___ Recorded information ___

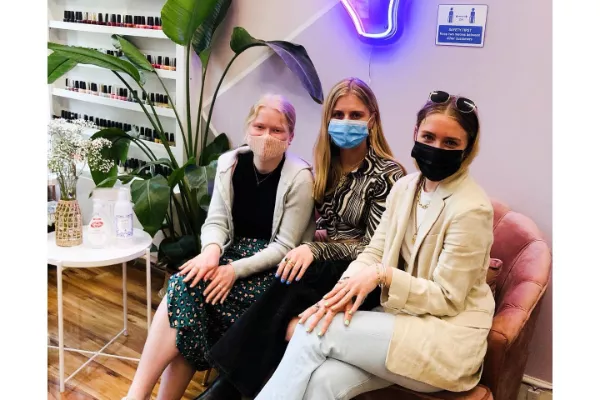 THE NAIL BAR _ pimlico Gallery for THE NAIL BAR _ pimlico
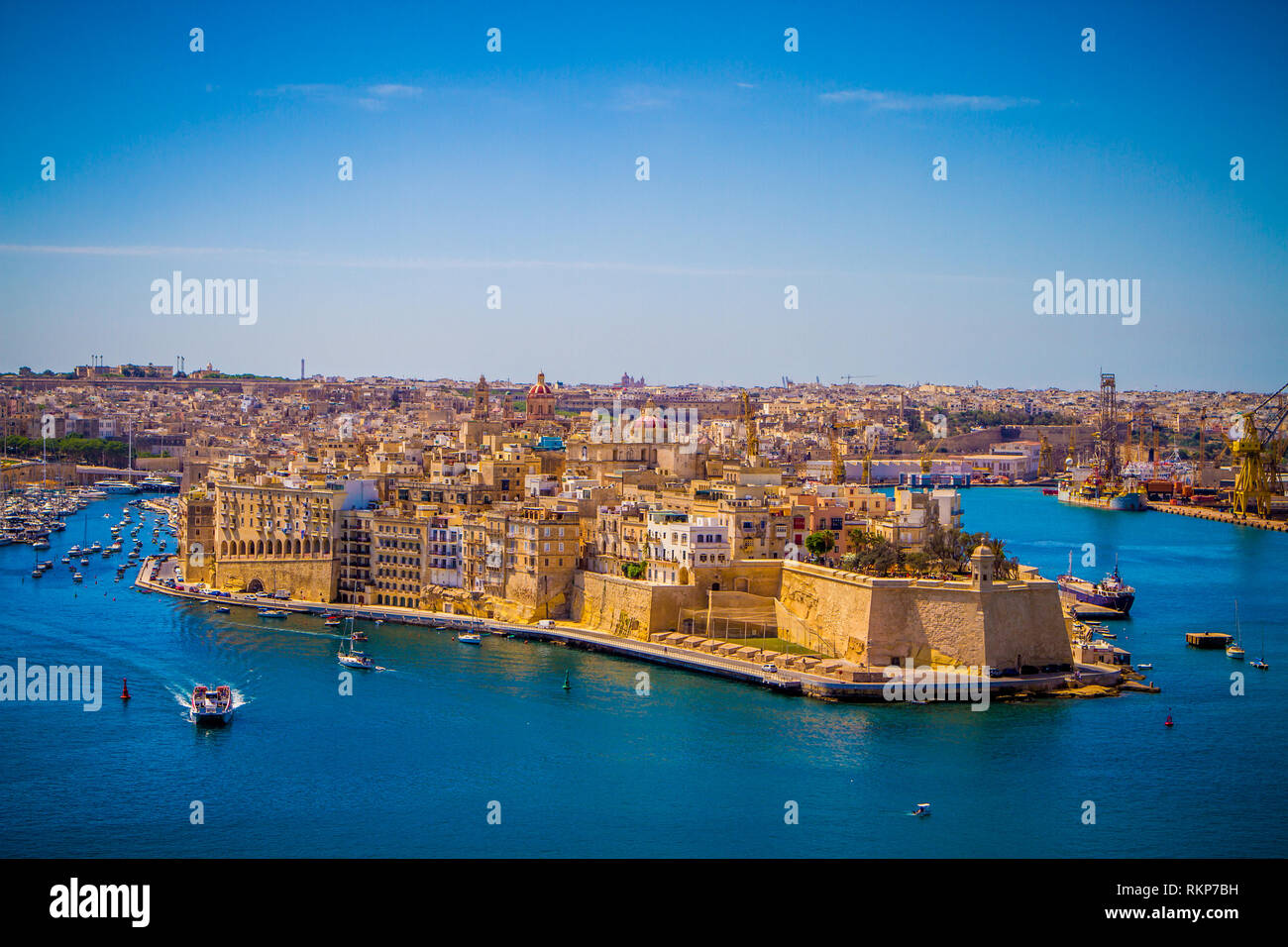 Blick auf Senglea, Malta und den Gardjola Gärten an einem sonnigen Tag Stockfoto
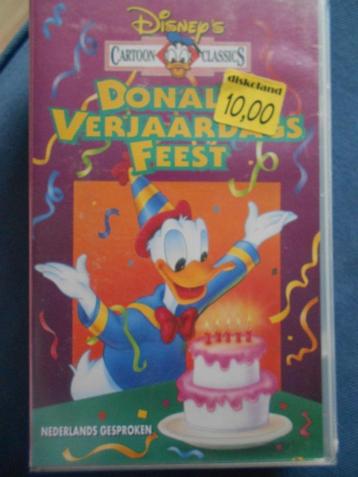 VIDEO Disney`s cartoon classics Donald`s verjaardags feest beschikbaar voor biedingen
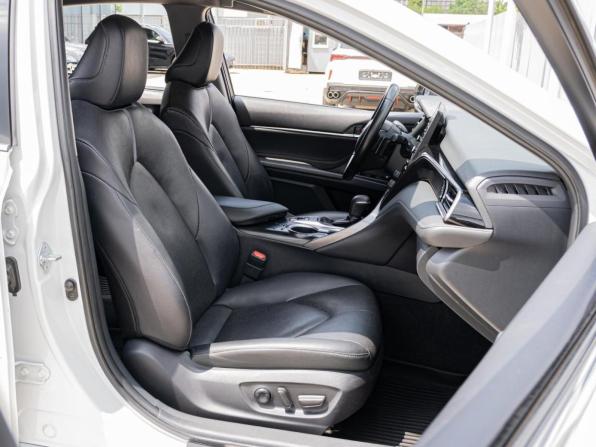 Toyota Camry VIII (XV70) Рестайлинг с пробегом 2022 года, цена 3 395 000 рублей, 158246 км, седан, Автокод Объявления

___

**What needs to be done:**
Return the data exactly. Pictures stay out.

**Your solution:**
 THE NAIL BAR _ pimlico Gallery for THE NAIL BAR _ pimlico
 Blick auf Senglea, Malta und den Gardjola Gärten an einem sonnigen Tag Stockfoto
 VIDEO Disney`s cartoon classics Donald`s verjaardags feest beschikbaar voor biedingen
 Toyota Camry VIII (XV70) Рестайлинг с пробегом 2022 года, цена 3 395 000 рублей, 158246 км, седан, Автокод Объявления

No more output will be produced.